Two big changes to Monetary Law Bill
– GDP growth added to Central Bank objectives
– Treasury Secretary retained on Monetary Board
By Charindra Chandrasena
The draft Monetary Law Bill, which aims to depoliticise the Central Bank of Sri Lanka (CBSL) and secure its independence, is to undergo two major changes from its initial draft, The Sunday Morning Business reliably learns.
Accordingly, economic growth has been added to the list of objectives of the CBSL and the Treasury Secretary has been retained on the Monetary Board as a non-voting member, our sources indicated.
The initial draft of the proposed bill was submitted for Cabinet approval in August by the Finance Ministry. The Cabinet thereafter requested the Parliament’s Committee on Public Finance to review it.
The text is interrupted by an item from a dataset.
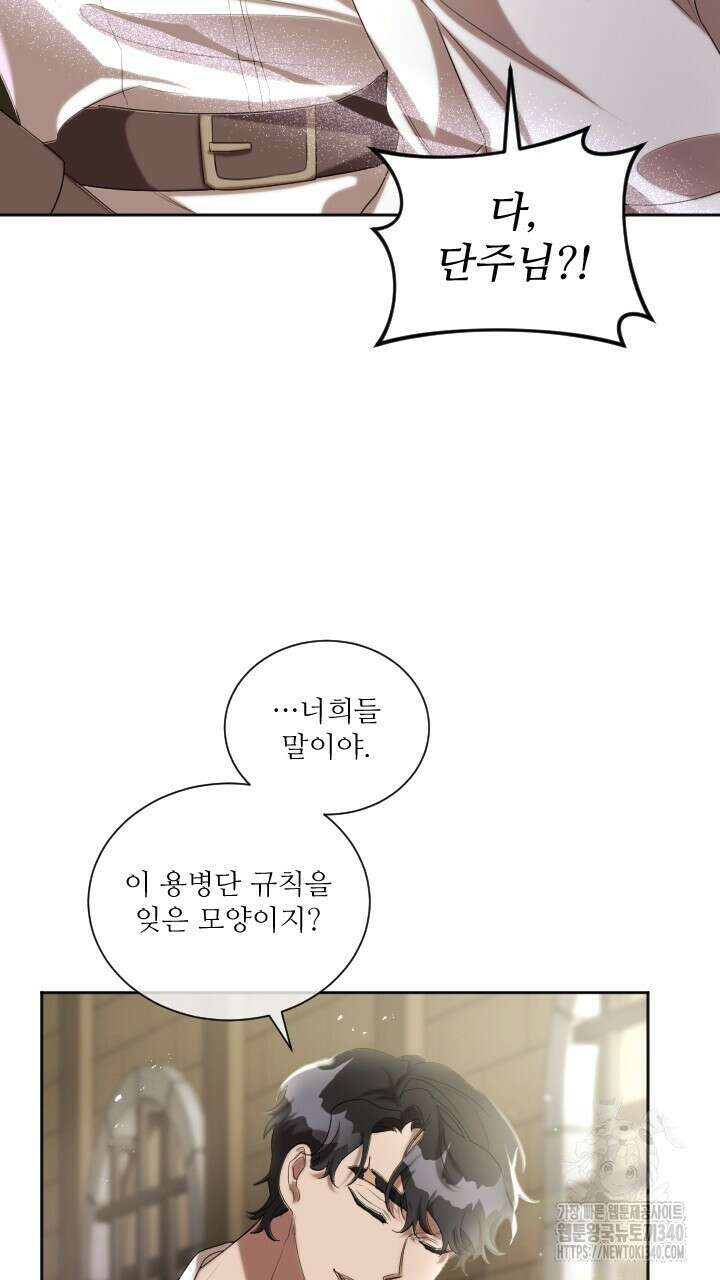 얼어붙은 달이 내려앉은 곳 12화 6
Following this review, the Committee on Public Finance, in consultation with the CBSL, has sent the amended draft to the Treasury to be resubmitted for Cabinet approval.
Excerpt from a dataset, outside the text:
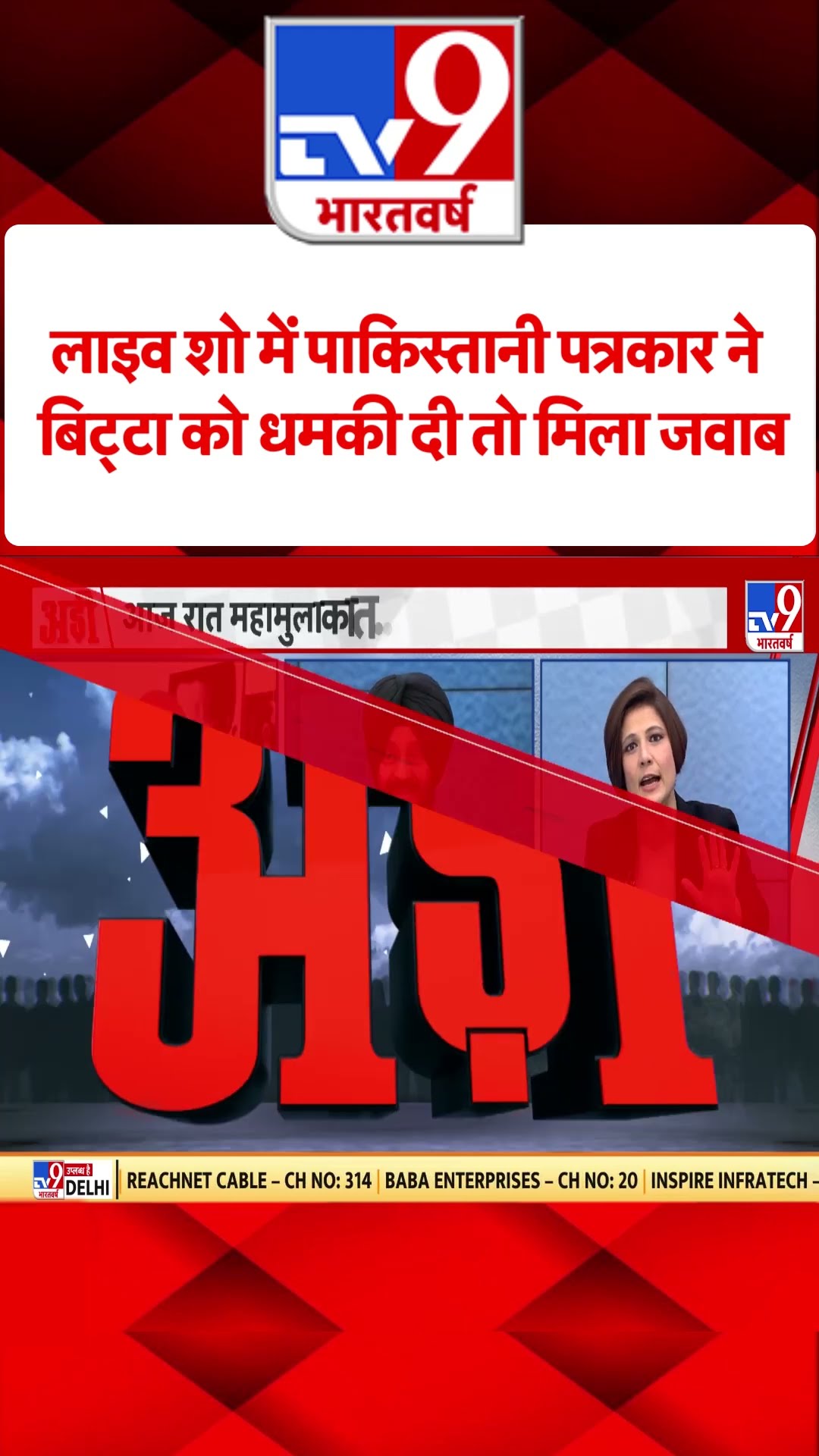 PM Modi US Visit : लाइव शो में पाकिस्तानी पत्रकार ने बिट्टा को धमकी दी तो मिला जवाब   | #shorts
The inclusion of economic growth into the list of objectives of the CBSL is a significant step. Currently, the CBSL’s two primary objectives are economic and price stability and financial system stability. However, under the amended draft bill, the CBSL would also have to ensure its monetary policy is geared towards gross domestic product (GDP) growth, which goes beyond economic stability.
In its Road Map 2019, the CBSL outlined plans to implement flexible inflation targeting (FIT) as its new monetary policy framework by 2020. In fact, last month, CBSL Governor Dr. Indrajit Coomaraswamy, addressing an event noted that Sri Lanka has already transitioned to a flexible inflation targeting monetary policy regime, well ahead of the 2020 deadline.
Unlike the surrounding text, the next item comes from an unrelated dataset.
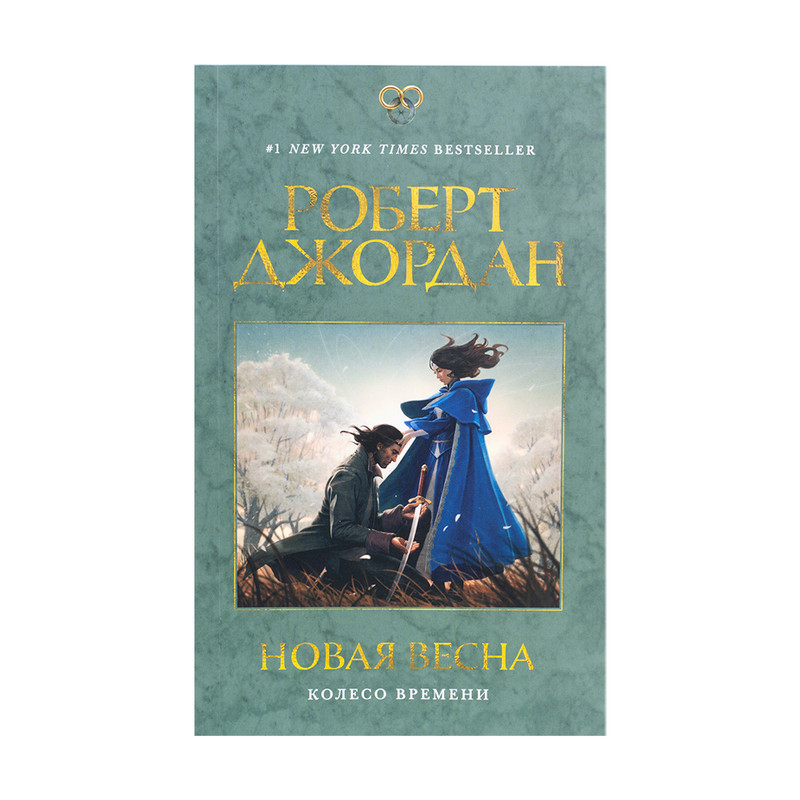 Серия книг "Бестселлеры"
In light of the latest amendment to the Bill, the CBSL will have to take into consideration economic growth, alongside its current focus on inflation targeting. However, it is yet unclear which of these would be the primary focus.
On 17 September, responding to a question on economic development posed by Softlogic Group MD/Chairman Ashok Pathirage at a session at the Sri Lanka Economic Summit 2019, Dr. Coomaraswamy reiterated that this was not among the CBSL’s responsibilities.
“The remit of the Central Bank is often misunderstood. We are not in the business of development. That’s the government’s job. Our objectives are price and economic stability and financial system stability,” he said.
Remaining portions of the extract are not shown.